**Extracted information**
------------
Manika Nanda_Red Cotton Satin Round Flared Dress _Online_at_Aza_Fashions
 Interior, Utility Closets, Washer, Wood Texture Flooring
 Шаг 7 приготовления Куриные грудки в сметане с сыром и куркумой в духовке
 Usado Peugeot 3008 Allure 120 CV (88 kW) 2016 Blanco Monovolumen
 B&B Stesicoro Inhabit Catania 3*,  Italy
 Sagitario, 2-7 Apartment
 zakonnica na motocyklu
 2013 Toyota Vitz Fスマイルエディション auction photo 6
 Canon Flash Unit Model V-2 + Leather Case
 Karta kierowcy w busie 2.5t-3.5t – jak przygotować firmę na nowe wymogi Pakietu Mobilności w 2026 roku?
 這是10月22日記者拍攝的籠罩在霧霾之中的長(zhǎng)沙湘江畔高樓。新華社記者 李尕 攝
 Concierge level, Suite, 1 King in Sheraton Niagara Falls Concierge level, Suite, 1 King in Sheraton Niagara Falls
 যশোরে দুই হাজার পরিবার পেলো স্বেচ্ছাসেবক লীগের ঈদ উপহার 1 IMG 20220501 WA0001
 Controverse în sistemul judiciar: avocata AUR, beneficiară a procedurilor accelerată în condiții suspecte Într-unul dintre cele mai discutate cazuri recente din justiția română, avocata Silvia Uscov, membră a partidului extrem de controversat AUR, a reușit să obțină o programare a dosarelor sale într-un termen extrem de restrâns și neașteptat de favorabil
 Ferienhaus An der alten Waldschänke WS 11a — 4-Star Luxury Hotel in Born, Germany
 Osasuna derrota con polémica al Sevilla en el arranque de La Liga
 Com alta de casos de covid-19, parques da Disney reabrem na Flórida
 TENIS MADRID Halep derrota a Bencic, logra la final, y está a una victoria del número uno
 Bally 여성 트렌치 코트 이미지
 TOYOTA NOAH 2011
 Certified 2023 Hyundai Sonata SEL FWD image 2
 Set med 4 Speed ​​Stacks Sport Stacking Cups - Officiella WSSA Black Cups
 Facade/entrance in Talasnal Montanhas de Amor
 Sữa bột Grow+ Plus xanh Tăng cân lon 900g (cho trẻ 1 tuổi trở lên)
------------
Please count the lines above that contain the word "derrota", and reply with the number alone.

**Expected answer**
2